TA: And looking over your archive of sessions, you have done a lot of locals seeking exposure. Let’s shift to COVID-19, where many musicians have really struggled since the darkening of our area performance stages and late-night pubs where live music was so common here before this delay coronavirus arrived on our shore. What have you seen shift since COVID arrived in town?

RF: One of the things that I've noticed is bands are so appreciative just to be able to perform in our space. The act of performing and the interactions one typically gets from an audience is something that’s missing but through our live stream, where such a small portion of what it is like for a musician to receive a live concert is still there, is very meaningful to bands. 

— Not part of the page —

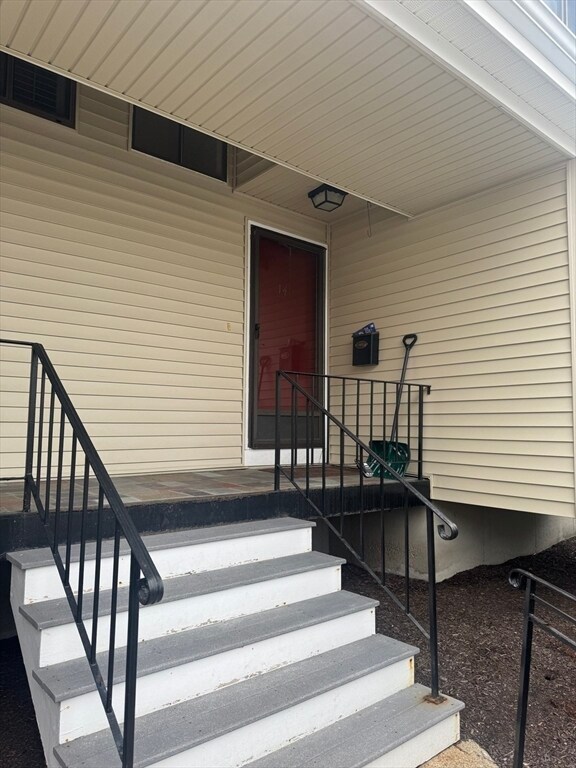 Foto del edificio - 909 Pleasant St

A recent example was having the band The Brandino Extravaganza appearing at Dogtown Studio. 
Dino came in to do a live stream for his latest album release and while I'm not sure if it was the first show he’s played in a long time, we do know that since COVID-19 arrived, a lot of artists have been at home.

TA: How did his session go since it obviously moved you in some fashion?

RF: Dino was like, “Wow! This is so interesting to feel these pre-show jitters again.” And yet as soon as I started the camera to broadcast, I could see a lift in his personality. You know, the feeling where you ease into an old pair of broken-in shoes or a favorite old jacket. 

And I’ve noticed that since with a lot of the performers who we have worked with on our live sessions. They become who they are all over again. To see that in somebody's face when they slip back into a role that they're comfortable in is really great and I love to see that.

TA: Looking to the future…any thoughts, insights?

RF: Under the current conditions of COVID, no one knows what the future of the music industry will become at this point. So, presently, we really just want to continue to provide a platform for music to keep happening here in Grand Rapids and to keep folks in our industry engaging with fans of live music. 

We're just so happy to have the resources to provide that for our music scene right now. In the future, we can imagine a lot of different plans for the many ways it could go. We hope that one of the things we can always provide is a dot-com studio which makes ourselves accessible for bands of any status to make a quality product whether it is a good recording or a good video to get their name out there. 

We will keep our eyes on the horizon while pushing the envelope for our area's music scene and keep making new types of videos that people haven't made with music as we look to expand the music production of Grand Rapids.